#### EXERCISE REQUIREMENTS:
Set down the lines below, exactly, starting at the one that contains "Ctosree 4 Pcs" and stopping at the last line, inclusive. Omit pictures.

#### COLLECTED DATA:

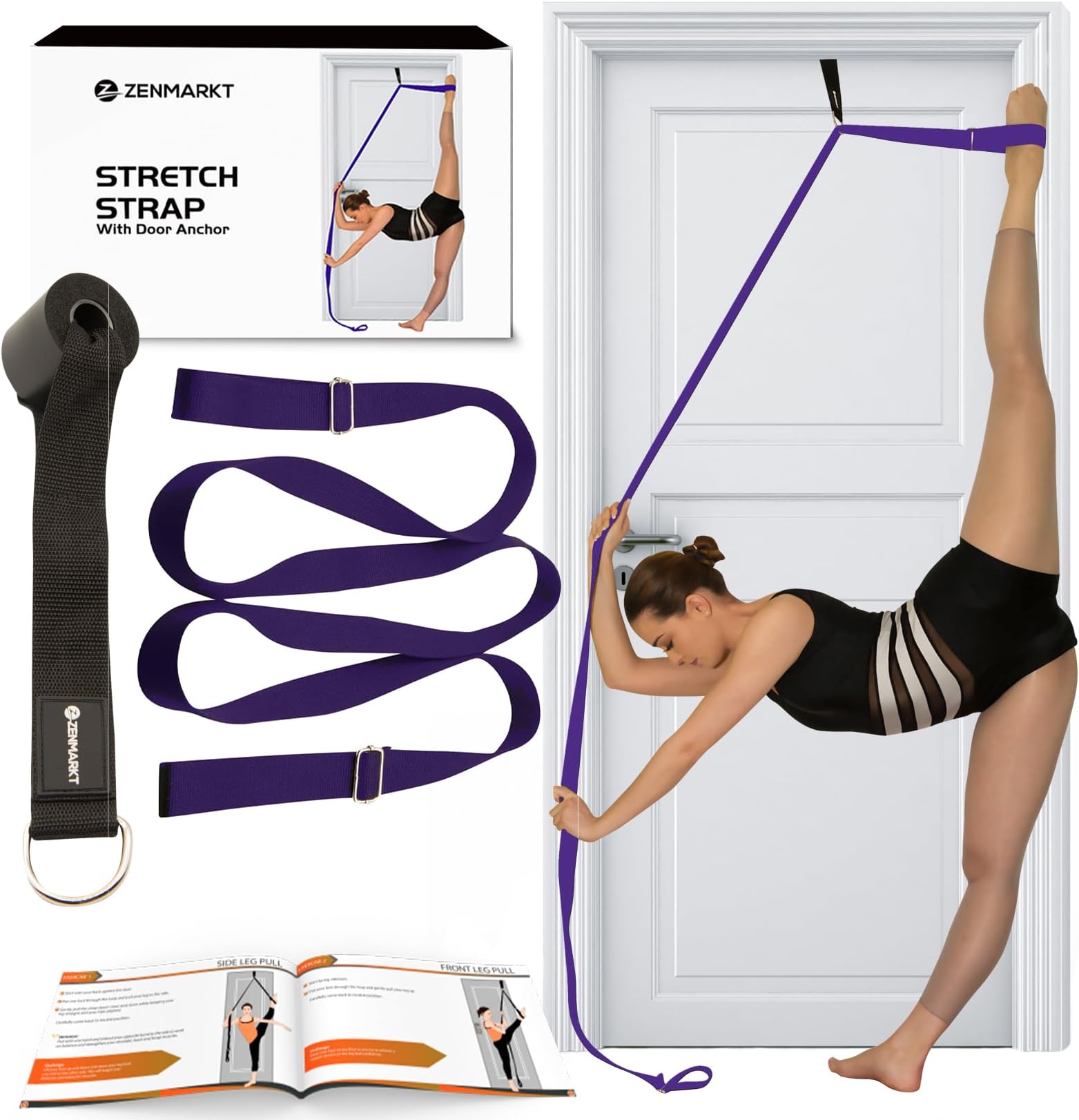 Stretching Strap With Door Anchor - Stretching Equipment to Improve Legs Flexibility - Splits Trainer For Home Ideal In Ballet, Dance, Cheerleading, Taekwondo, Yoga, Pole Dancing & Gymnastics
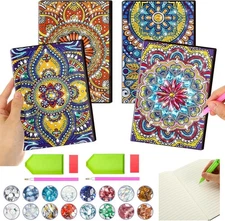 Ctosree 4 Pcs Diamond Art Notebook Kits 8.3 x 5.5 inches/ 21 x 14 cm, Flower 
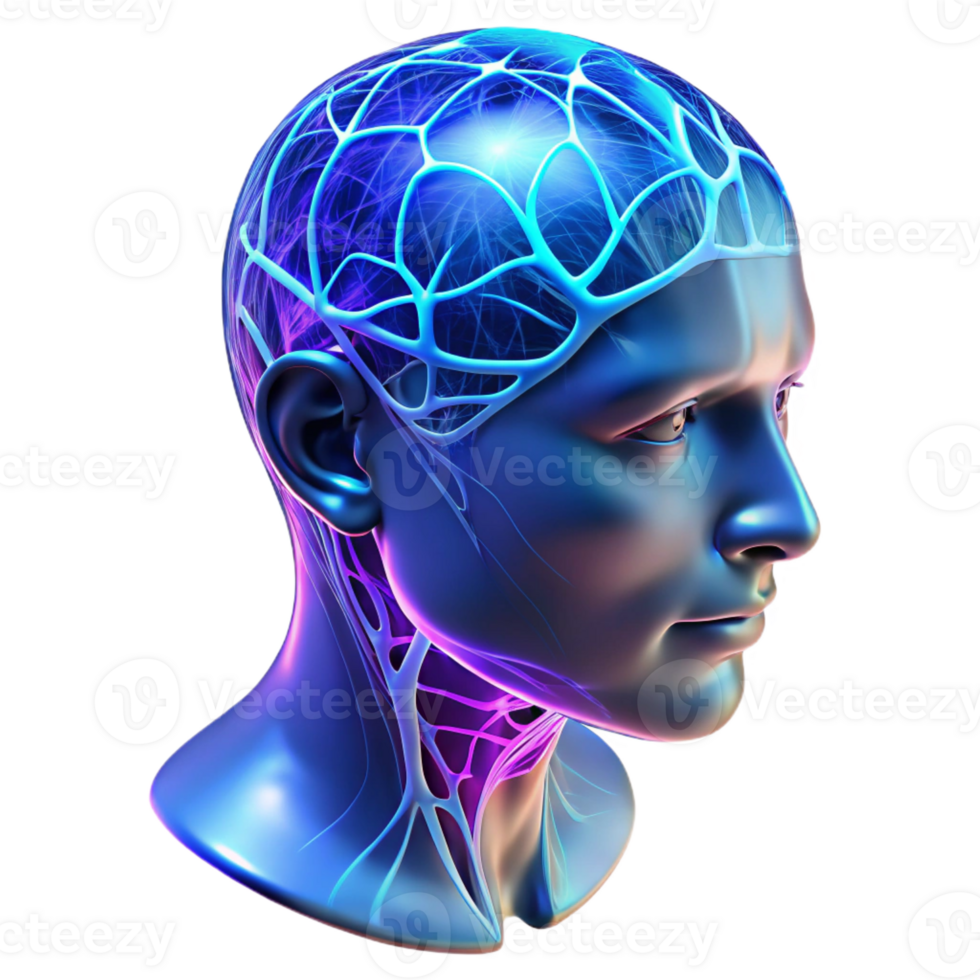 elegant classic A Transparent Human Head with Visible Neur authentic png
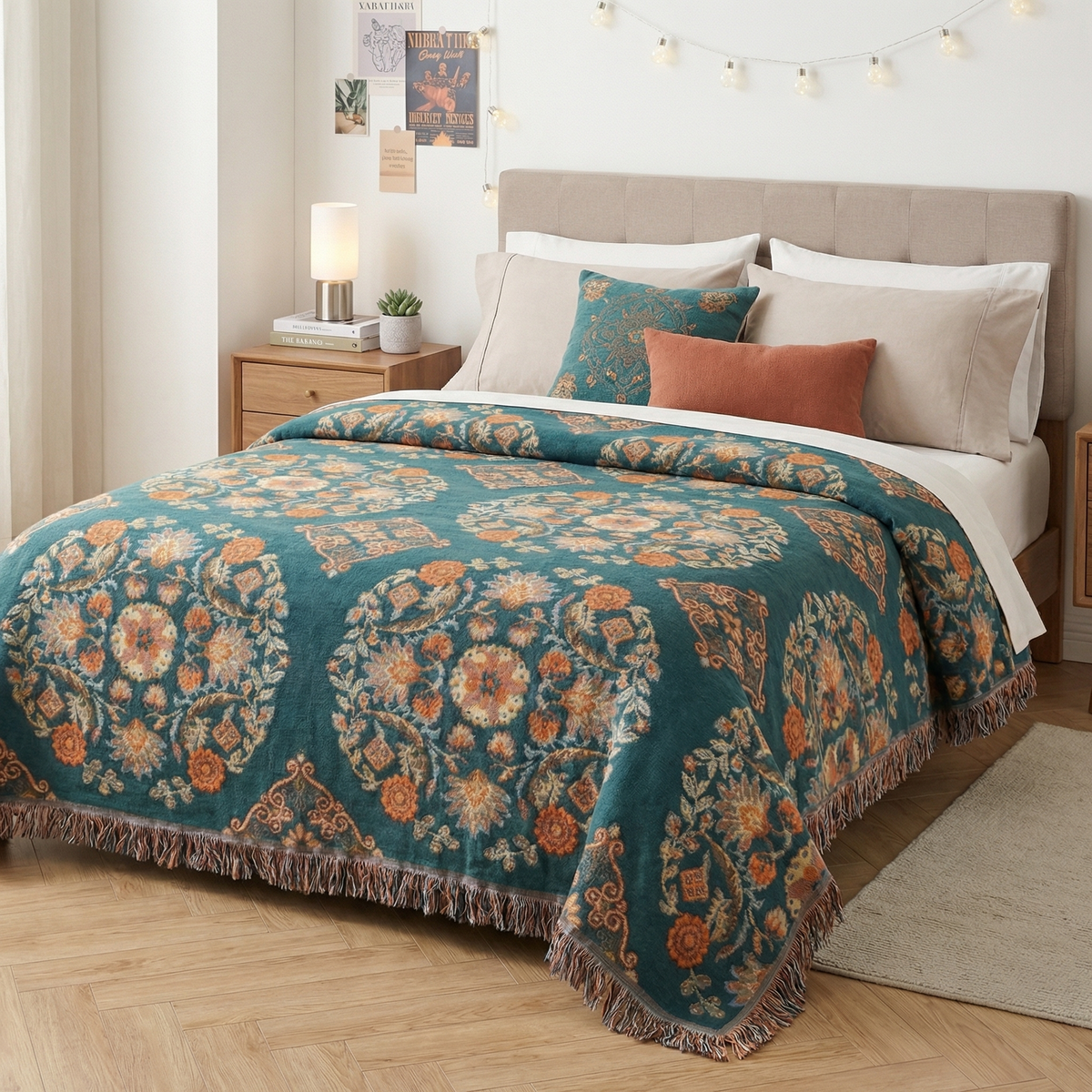 Reversible Throw Blanket with Floral Design | Cozy Comfort for All Seasons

#### ANSWER AREA:
 Ctosree 4 Pcs Diamond Art Notebook Kits 8.3 x 5.5 inches/ 21 x 14 cm, Flower 
 elegant classic A Transparent Human Head with Visible Neur authentic png
 Reversible Throw Blanket with Floral Design | Cozy Comfort for All Seasons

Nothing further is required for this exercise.